To lie low, to change the course, to shed dead skin, and to make new friends – Darwinian reflexes never go out of vogue. So, while we heard alarms about the future of the semiconductor industry, thanks to the direct blow to supply chains and fabrications, we might have missed the wind-chimes that were following close enough.
Yes, dents will happen given the force of this blow, but long-term species have a way of healing themselves and finding ways to go on. For this industry, this survival and adaptive dance would be two-pronged, as it appears now.
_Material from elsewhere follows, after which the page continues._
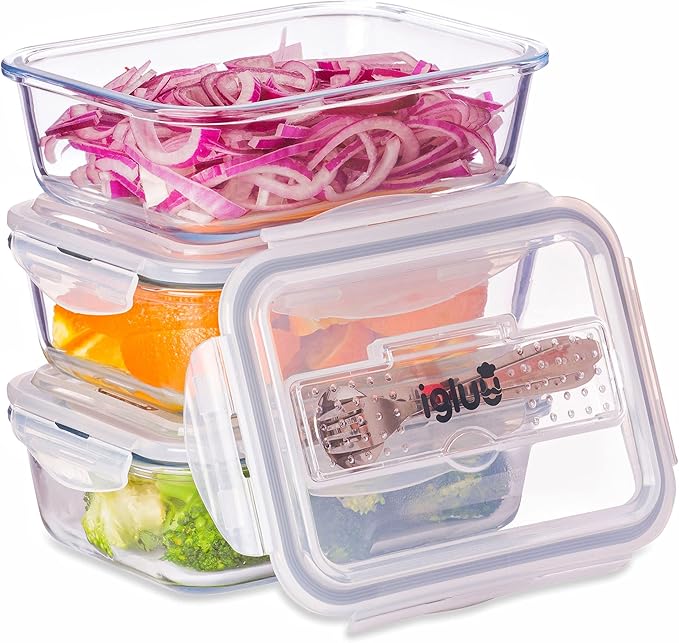 Igluu Meal Prep Glass Containers with Air Vent Lids (5 Pack+Extra Lid) – Airtight & BPA-Free – Oven, Microwave, Freezer and Dishwasher Safe – 28oz – Durable Borosilicate Glass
First, the demand would change tack. If electronics and upstream markets dry up, other pockets of growth would pop. Second, rock-stars in semiconductor materials might see new contenders emerging and gaining a good foothold. Wondering how? Let us break it down.
Same market, new appetite
Ok yes, the effect of the Corona outbreak is not something we can trivialize. If we look at Gartner’s recent reckoning, the worldwide semiconductor revenue was already going backward to USD 419.1 billion in 2019, down 12% from 2018. It noted how oversupply in the DRAM market nudged the overall memory market down 32.7% in 2019, making it the worst-performing device segment; especially the NAND flash that dived 26.4%.
So things can’t pick up immediately when weak demand from smartphone and hyper-scale cloud service providers affect fab plans and cut wafer starts to levels below 2018.